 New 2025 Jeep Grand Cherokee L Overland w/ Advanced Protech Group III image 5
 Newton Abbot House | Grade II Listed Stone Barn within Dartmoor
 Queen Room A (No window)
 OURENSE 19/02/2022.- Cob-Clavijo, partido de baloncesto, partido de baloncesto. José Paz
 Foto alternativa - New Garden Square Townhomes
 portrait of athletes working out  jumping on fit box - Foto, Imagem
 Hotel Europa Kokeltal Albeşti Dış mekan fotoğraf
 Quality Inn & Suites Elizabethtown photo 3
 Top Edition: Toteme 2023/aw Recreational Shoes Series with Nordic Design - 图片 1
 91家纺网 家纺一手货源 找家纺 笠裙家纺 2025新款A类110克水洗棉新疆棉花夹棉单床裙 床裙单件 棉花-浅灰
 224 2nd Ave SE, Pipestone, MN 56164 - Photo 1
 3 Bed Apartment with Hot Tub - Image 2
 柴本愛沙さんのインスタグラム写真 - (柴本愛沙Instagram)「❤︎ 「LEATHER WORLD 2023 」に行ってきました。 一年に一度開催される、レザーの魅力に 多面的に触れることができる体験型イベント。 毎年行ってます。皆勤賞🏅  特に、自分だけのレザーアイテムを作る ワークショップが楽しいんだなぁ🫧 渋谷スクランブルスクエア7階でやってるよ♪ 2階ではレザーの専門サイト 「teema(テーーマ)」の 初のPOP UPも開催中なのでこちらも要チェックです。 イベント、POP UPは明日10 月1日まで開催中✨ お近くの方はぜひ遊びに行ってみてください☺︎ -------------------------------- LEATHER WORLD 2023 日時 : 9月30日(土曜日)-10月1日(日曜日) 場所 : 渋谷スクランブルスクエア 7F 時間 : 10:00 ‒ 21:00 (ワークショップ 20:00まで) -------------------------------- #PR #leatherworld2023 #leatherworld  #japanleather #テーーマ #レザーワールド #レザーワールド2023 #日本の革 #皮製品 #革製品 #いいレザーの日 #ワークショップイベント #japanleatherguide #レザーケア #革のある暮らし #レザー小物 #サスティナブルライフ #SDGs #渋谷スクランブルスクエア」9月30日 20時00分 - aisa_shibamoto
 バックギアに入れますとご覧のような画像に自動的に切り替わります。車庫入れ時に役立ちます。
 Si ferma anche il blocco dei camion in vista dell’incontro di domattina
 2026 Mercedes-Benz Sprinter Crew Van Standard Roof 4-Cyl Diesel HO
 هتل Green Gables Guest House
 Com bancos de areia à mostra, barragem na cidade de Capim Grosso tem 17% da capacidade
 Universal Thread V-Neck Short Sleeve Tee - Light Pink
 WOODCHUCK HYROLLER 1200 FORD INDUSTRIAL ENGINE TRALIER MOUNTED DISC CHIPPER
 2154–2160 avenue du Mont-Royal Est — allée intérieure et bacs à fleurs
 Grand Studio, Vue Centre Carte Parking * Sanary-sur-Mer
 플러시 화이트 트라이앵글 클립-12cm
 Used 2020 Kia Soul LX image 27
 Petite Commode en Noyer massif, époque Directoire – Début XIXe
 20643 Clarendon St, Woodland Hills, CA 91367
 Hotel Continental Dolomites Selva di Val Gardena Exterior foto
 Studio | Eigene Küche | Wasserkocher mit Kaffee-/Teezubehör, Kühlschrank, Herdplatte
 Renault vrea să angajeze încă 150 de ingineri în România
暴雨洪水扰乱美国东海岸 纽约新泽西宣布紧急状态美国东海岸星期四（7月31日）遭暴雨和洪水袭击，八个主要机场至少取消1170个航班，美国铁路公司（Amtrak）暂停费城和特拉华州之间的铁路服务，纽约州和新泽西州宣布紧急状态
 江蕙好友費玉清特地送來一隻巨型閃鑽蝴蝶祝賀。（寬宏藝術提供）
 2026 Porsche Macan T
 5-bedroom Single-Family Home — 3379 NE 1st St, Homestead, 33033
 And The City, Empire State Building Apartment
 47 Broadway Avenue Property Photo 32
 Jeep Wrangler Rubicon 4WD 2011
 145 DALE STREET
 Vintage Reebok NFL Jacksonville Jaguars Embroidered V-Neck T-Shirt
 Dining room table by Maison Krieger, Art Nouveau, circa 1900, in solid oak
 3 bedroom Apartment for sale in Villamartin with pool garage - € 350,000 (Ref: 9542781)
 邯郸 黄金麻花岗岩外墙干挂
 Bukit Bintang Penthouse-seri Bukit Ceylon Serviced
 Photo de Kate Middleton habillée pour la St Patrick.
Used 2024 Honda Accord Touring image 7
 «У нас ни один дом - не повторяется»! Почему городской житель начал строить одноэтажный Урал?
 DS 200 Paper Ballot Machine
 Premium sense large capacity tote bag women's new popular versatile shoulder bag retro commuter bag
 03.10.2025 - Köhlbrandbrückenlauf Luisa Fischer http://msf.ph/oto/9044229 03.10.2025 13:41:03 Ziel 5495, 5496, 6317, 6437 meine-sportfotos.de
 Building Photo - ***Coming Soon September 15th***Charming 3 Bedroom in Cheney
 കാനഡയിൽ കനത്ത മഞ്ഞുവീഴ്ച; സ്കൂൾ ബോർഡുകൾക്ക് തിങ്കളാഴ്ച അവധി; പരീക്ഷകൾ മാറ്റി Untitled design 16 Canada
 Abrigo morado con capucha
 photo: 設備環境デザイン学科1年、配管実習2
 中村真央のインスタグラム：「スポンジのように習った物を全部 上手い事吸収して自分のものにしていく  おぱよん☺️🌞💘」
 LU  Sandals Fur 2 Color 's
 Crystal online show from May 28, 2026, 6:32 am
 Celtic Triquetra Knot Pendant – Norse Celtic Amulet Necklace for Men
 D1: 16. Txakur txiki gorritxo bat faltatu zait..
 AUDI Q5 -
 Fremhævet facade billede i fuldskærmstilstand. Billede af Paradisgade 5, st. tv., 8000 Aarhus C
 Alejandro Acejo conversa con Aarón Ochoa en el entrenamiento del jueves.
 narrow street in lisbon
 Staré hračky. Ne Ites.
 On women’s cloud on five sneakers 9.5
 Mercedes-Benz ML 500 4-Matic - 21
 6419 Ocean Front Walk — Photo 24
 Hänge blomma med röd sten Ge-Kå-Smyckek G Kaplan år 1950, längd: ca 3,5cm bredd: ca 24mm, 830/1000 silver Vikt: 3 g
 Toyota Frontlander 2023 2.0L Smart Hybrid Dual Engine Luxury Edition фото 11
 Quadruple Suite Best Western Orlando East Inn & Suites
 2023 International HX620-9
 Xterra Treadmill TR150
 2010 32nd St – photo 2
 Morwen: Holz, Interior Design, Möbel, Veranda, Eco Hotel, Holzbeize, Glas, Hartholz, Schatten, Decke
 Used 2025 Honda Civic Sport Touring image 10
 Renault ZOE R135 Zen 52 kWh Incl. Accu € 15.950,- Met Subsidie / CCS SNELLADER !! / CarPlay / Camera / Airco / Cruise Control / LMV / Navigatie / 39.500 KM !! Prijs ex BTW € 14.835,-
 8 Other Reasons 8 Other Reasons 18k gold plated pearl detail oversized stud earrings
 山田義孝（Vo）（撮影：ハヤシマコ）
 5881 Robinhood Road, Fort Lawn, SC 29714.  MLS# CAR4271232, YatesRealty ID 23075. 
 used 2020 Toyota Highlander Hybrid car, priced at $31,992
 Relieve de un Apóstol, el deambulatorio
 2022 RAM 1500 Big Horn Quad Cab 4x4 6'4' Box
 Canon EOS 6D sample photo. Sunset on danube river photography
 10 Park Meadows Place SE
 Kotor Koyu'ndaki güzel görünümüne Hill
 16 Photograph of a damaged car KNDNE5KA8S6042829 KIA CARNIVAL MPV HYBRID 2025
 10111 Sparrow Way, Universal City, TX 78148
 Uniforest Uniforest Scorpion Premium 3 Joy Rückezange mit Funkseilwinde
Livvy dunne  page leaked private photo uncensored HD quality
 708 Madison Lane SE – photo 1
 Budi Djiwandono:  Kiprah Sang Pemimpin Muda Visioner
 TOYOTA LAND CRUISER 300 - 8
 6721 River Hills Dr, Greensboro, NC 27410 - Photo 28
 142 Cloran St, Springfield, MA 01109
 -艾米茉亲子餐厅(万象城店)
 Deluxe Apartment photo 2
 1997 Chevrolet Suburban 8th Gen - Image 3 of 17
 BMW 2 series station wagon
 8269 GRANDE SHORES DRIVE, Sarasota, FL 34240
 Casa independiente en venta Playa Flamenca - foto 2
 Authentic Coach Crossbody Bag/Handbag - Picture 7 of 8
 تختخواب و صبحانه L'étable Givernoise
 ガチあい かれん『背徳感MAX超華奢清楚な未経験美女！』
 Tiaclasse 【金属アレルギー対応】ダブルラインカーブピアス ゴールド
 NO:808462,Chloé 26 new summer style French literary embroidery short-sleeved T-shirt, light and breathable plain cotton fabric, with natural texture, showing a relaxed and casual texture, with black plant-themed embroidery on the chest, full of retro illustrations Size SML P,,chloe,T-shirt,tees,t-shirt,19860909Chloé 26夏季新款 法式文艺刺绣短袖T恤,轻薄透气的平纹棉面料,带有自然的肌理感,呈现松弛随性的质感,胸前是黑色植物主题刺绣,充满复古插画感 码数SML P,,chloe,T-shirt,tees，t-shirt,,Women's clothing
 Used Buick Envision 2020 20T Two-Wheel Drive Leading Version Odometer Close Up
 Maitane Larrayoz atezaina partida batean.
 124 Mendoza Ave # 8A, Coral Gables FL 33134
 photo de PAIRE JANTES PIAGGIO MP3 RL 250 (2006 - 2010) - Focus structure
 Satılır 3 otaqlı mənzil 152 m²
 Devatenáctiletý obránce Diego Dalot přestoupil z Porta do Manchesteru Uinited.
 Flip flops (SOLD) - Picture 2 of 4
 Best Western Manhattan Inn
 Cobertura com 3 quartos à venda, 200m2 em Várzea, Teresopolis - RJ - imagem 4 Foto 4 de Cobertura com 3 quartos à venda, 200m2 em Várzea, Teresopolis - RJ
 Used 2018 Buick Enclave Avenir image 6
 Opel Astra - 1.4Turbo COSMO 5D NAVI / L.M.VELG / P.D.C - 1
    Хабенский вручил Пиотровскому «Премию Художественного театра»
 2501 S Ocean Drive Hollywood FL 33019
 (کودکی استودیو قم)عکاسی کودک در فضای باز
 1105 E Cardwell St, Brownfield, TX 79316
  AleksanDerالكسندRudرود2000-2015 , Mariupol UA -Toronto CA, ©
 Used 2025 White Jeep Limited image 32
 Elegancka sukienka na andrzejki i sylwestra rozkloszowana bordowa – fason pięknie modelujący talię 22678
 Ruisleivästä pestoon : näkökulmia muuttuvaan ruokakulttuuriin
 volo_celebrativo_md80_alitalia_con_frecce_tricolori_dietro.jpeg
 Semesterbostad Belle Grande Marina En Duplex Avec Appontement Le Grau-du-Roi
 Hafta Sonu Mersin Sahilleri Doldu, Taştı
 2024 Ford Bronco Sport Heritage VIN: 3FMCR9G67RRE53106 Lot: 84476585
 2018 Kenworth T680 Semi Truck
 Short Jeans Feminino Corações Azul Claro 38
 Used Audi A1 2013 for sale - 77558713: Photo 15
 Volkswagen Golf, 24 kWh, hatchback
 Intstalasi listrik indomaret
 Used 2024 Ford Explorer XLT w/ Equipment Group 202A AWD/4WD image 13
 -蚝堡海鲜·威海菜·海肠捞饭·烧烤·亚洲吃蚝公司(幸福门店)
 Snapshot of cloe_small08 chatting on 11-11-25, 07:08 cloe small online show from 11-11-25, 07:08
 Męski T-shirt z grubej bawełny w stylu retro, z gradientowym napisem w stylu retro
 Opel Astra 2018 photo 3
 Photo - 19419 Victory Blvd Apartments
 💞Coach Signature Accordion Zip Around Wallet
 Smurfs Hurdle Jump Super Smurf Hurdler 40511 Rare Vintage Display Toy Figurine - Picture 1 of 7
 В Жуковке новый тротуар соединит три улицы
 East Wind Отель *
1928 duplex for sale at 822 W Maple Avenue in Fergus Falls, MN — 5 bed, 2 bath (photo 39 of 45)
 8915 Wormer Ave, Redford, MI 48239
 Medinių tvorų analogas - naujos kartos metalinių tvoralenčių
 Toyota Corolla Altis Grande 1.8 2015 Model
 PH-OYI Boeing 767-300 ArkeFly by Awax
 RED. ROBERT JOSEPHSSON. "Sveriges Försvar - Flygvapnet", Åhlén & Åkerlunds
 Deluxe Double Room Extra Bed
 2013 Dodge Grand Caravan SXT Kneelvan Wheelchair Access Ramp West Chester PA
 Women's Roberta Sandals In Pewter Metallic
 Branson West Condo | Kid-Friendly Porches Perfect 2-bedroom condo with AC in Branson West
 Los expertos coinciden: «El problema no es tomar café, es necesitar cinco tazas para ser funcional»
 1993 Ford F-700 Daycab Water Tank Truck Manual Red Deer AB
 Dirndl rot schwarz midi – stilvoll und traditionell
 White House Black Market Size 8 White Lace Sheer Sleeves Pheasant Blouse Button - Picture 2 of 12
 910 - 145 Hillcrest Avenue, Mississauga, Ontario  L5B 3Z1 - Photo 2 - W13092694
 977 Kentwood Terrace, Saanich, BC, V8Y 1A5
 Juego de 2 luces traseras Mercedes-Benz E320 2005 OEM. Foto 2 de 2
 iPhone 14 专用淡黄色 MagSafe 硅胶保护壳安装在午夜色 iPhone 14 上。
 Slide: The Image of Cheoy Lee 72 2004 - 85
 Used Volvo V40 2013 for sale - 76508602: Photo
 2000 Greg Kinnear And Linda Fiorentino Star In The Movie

━━━

Problem details:
Extract every line containing the string "Hotel" from the material.

Written answer:
 Hotel Europa Kokeltal Albeşti Dış mekan fotoğraf
 Hotel Continental Dolomites Selva di Val Gardena Exterior foto
 Morwen: Holz, Interior Design, Möbel, Veranda, Eco Hotel, Holzbeize, Glas, Hartholz, Schatten, Decke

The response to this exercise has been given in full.